"Er rüttelt an einem nationalen Konsens"
Wer in den USA geboren wird, ist automatisch amerikanischer Staatsbürger – verfassungsgemäß. Präsident Donald Trump will das nun ändern. Sein Vorgehen sei problematisch, sagt der Amerikanist Michael Hochgeschwender, und vor allem ein Wahlkampfmanöver.
Er glaube nicht, dass Donald Trump mit seinem Vorhaben Erfolg haben werde, durch eine "Executive Order" das Geburtsrecht zu ändern, sagte Michael Hochgeschwender im Gespräch mit Deutschlandfunk Kultur. Denn eigentlich könne ein solcher präsidialer Erlass nicht über der amerikanischen Verfassung stehen, findet Hochgeschwender, Professor für Nordamerikanische Kulturgeschichte in München.
Im 14. Zusatzartikel der amerikanischen Verfassung sei das Staatsbürgerschaftsrecht per Geburt geregelt und mehrere Urteile zwischen 1898 und 1952 bestätigten die aktuell gültige Auslegung.
"Es ist verfassungsrechtlich extrem fragwürdig, ob der amerikanische Präsident das Recht hat, hier einfach mit einem Federstrich gegen solche Präzendenzfälle anzutreten."
Thema nicht überbewerten
Allerdings sollte das eigentliche Thema nicht überbewertet werden, denn weltweit sei diese Form, eine Staatsbürgerschaft zu erhalten, fast überall abgeschafft worden – außer in Kanada und einigen Ländern Südamerikas.

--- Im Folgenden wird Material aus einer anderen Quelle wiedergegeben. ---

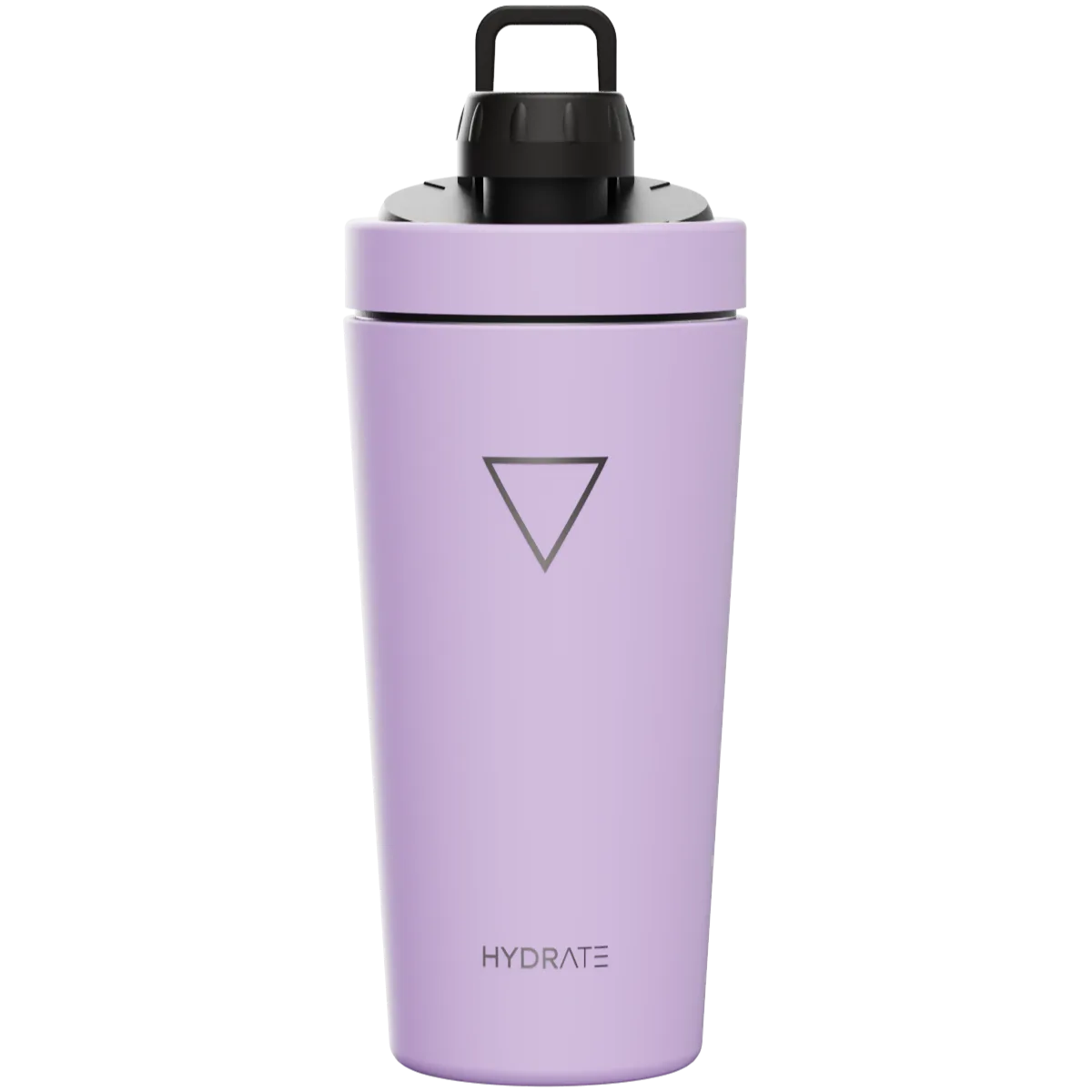 HYDRATE VASO SHAKER 591 ML LILA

Zudem hätten schon seit den 1980er-Jahren Juristen in den USA die Abschaffung des 14. Zusatzartikel gefordert. Die eigentliche Abschaffung sei auch nicht das Problem:
"Das Problem ist tatsächlich der Anspruch, es auf diese Art und Weise zu machen. Denn das würde ja praktisch heißen, der amerikanische Präsident steht über der Verfassung und hat mit seiner Unterschrift das Recht, Gesetze der amerikanischen Verfassung einfach auszuhebeln."
Reine Wahlkampftaktik
Eigentliche gehe es um den amerikanischen Wahlkampf, die Mid-Terms:
"Sein Ziel ist natürlich die Frage der Migration wieder in den Wahlkampf hineinzubringen. Da spielt ihm der Marsch der Honduraner auf die amerikanische Grenze sehr stark in die Karten."

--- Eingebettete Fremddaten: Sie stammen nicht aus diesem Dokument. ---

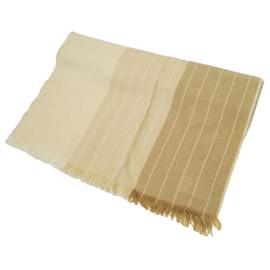 Johnstons EXTRA FEINE MERINO GRADATIONSSTREIFEN Schal - Autre Marque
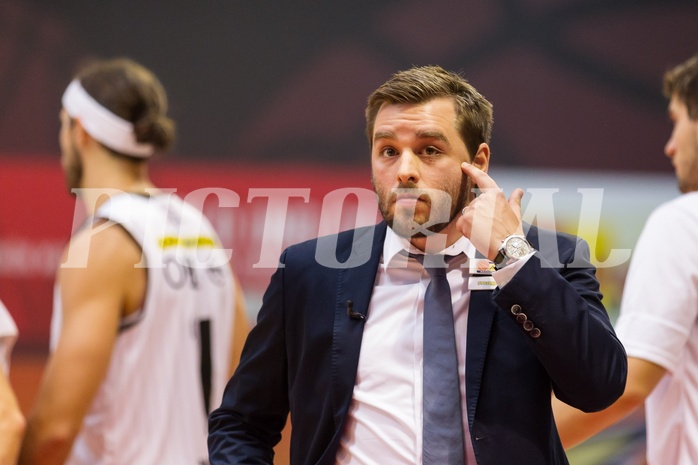 Basketball ABL 2015/16 Supercup 2015 G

Trump stehe mit seinem Versuch das Geburtsrecht zu verändern nicht alleine da, denn viele Staaten hätten ihre Gesetze dahin gewandelt, dass Kinder die Staatsangehörigkeit ihrer Eltern annähmen.

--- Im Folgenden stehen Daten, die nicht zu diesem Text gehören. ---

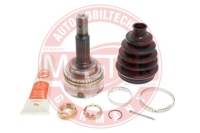 фото thumb №1, Шарнір гомокінетичний зовнішній з abs toyota avensis ms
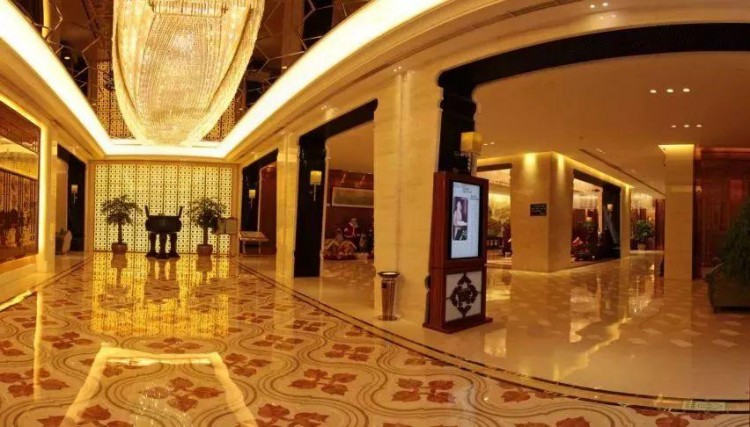 厲害了！我市這家飯店被評為浙江省金鼎級特色文化主題飯店你去過了嗎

Rütteln am nationalen Konsens
Eigentlich sei Trumps Ansinnen ein Angriff auf ein etabliertes Recht, das erfunden worden sei, um gegen die Gesetzgebung der Sklaverei-Zeit anzugehen.
"Im Grunde rüttelt er an einem nationalen Konsens."
Die USA verstünden sich den 1920er-Jahren auch nicht mehr als klassisches Einwanderungsland, meinte Michael Hochgeschwender. Darum sei der prinzipielle Wunsch einer Verfassungsänderung nicht das Problem. Schwierig sei die Herangehensweise Trumps dies zu erreichen. Er nehme mit seiner angekündigten "Executive Order" eine beispiellose Ausweitung der Macht des amerikanischen Präsidenten zu Lasten der Verfassung und der Gesetzgebung vor.
Verfassungsänderung unwahrscheinlich
Unter den Verfassungsrecht-Experten in den USA herrsche allerdings die Meinung, dass ein präsidialer Erlass nicht ausreiche, um Teile der Verfassung zu ändern.
"Ich kann mir keinen Verfassungsrichter vorstellen, der den amerikanischen Präsidenten und seine 'Executive Order' über einen Artikel der amerikanischen Verfassung stellt. Dann wäre wirklich der Supreme Court am Ende."